Wild relies on the scenery of the Southwest and Pacific Northwest to show the viewer how small human beings are in the grand scheme of things and to invoke the solitude that Cheryl feels on a daily basis. The vastness of the landscape serves as a metaphor for how alone Cheryl is, after losing her mother and her husband. Cinematographer Yves Belanger also focuses on the details, by painting beauty in the ordinary, such as the green moss on trees in Oregon.
The film’s soundtrack adds an important layer to the film and features such greats as Bruce Springsteen, Portishead, Simon and Garfunkel, and The Grateful Dead.
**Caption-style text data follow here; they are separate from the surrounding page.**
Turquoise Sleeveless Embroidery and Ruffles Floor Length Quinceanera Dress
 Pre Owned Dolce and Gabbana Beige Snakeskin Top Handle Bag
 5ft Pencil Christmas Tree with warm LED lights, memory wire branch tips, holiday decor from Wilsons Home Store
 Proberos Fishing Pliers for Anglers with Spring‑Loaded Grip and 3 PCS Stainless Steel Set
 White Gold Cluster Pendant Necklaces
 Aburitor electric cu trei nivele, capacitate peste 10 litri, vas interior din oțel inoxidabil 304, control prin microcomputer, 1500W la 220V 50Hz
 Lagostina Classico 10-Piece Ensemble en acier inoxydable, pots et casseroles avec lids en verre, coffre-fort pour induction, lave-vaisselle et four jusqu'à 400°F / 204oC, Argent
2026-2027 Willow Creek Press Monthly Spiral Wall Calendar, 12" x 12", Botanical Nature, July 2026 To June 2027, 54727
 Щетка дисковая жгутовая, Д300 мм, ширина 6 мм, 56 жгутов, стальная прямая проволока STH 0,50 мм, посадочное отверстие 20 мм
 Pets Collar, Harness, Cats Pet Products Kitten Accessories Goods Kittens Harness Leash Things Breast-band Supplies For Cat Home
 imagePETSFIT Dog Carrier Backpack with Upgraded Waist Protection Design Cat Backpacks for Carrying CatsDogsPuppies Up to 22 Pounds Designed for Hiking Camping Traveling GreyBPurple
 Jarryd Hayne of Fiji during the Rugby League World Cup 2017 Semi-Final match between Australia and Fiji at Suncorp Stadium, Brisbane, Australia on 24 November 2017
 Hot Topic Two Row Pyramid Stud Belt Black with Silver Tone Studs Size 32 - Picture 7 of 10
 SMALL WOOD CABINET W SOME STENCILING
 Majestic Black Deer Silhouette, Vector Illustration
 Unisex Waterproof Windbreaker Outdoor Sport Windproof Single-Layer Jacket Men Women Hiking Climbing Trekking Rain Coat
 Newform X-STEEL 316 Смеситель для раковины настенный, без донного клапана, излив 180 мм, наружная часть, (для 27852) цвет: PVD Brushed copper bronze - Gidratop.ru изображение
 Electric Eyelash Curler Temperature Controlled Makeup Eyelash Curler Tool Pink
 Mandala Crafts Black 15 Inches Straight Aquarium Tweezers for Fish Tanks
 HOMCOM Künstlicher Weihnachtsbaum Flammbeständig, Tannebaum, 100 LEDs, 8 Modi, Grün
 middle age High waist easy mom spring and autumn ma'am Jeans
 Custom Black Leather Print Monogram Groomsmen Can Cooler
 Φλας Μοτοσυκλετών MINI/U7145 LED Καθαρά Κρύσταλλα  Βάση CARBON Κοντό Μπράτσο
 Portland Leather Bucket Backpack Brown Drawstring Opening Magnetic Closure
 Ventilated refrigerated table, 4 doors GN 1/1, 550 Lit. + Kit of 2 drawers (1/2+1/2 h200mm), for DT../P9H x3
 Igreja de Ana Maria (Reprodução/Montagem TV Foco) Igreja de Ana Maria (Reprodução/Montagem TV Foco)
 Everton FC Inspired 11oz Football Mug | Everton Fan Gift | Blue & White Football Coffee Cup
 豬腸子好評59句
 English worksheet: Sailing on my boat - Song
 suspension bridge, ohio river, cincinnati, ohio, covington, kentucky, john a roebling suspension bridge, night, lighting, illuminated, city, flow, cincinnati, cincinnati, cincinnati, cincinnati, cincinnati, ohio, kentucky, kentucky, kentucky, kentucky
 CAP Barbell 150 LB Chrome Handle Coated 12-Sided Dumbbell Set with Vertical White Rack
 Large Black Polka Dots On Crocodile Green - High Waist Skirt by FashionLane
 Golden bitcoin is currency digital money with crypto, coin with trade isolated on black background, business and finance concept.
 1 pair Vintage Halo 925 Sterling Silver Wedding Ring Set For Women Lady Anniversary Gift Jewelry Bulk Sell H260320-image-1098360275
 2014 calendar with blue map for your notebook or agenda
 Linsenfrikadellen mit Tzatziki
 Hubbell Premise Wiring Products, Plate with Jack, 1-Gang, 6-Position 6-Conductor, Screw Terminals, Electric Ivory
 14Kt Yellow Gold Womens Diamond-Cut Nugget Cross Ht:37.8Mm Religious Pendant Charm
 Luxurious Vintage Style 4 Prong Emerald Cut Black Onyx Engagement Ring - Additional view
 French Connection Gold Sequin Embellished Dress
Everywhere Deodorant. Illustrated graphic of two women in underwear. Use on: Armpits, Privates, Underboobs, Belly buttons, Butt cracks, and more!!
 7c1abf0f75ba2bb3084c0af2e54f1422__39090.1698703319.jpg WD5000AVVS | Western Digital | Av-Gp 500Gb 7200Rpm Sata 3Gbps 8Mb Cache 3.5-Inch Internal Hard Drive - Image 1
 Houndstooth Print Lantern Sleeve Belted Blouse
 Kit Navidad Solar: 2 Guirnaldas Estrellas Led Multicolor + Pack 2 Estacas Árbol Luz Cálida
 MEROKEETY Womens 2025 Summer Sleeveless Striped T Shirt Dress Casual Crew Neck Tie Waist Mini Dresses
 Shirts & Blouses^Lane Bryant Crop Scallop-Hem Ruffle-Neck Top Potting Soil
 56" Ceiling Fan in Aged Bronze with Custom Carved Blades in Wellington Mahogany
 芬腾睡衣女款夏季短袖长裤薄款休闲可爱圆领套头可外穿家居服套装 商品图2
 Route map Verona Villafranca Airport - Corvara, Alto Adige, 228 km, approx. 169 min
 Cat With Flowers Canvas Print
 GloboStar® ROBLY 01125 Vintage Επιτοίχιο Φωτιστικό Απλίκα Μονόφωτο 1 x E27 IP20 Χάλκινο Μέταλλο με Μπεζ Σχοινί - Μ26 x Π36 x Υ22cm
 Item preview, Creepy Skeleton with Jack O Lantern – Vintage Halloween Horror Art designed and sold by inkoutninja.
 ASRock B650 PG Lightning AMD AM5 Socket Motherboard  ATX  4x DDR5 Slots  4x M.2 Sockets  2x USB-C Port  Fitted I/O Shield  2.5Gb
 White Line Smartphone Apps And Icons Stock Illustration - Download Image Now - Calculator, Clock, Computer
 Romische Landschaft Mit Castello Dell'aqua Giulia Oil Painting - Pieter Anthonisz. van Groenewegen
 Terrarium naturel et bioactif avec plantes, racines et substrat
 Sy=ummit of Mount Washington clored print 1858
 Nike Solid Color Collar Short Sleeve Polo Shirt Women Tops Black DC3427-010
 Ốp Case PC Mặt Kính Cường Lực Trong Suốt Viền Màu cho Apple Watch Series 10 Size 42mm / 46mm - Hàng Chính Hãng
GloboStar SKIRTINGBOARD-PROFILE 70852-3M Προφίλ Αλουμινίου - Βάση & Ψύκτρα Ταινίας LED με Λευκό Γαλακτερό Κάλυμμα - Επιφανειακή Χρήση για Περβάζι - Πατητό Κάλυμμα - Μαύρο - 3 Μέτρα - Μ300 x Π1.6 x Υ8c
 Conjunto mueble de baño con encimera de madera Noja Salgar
Cheryl’s mom Bobbi (Laura Dern) plays Simon and Garfunkel’s “El Condor Pasa (If I Could)” often, during the flashback scenes, and it’s this song’s haunting appearance during parts of Cheryl’s hike that is both astonishingly eerie and deeply moving. There’s a wonderful scene in the film where Cheryl wanders into the town of Ashland and comes upon a vigil for the late Jerry Garcia, who’s just died. She walks into a crowd of hippies and listens to two musicians play “Ripple”. It’s this song and this event that makes Cheryl feel whole, because after days of seeing no one, she is part of a communal moment.
What I found most surprisingly interesting about Wild was its commentary on the conundrum of being a woman. Cheryl decides to hike the Pacific Crest Trail alone, and it’s said to her numerous times that hiking alone isn’t safe for a woman. In fact when she runs into another woman, over 60 days into her hike, she’s elated. They have an unspeakable bond and find solace that the other one is just present. The film depicts two scenes in which Cheryl is fearful for her life. Both times it’s because she is approached by men, alone on the trail. She wants to trust them, but her instincts of self-preservation make her wary and the viewer can feel her anxiety. Nothing horrible happens to her in the film, but it doesn’t mean it couldn’t have happened. Director Vallee used a scene late in the film to show the other side of the coin. Cheryl sways a Park Ranger to reopen a mail room after hours, so she can collect her packages, but he doesn’t offer the same favor to a group of male hikers. The Park Ranger also brings Cheryl coffee and a doughnut the next morning. The scene exemplifies how being female can lead to special treatment, and points out that her sex is often a double-edged sword, just as it was during her grief-filled and drug-fueled promiscuity after her mother’s death. It’s Cheryl that states, “Women can’t just walk out of their lives.” When asked if she’s a Feminist she immediately answers, “Yes.” What she doesn’t realize is that she did in fact walk out of her own life, meaning that she was able to escape and embark on her journey.
Wild is in a small class of films that successfully depicts a person’s journey, both literally and figuratively. It’s based on a moving memoir and draws on unforgettable lines from the book to punctuate Cheryl’s feelings throughout the film. The best line is “God’s a ruthless bitch.” The film reminds us that despite your troubles, you never know where your life is going.
Stay for the credits to see candid photos of the real Cheryl Strayed.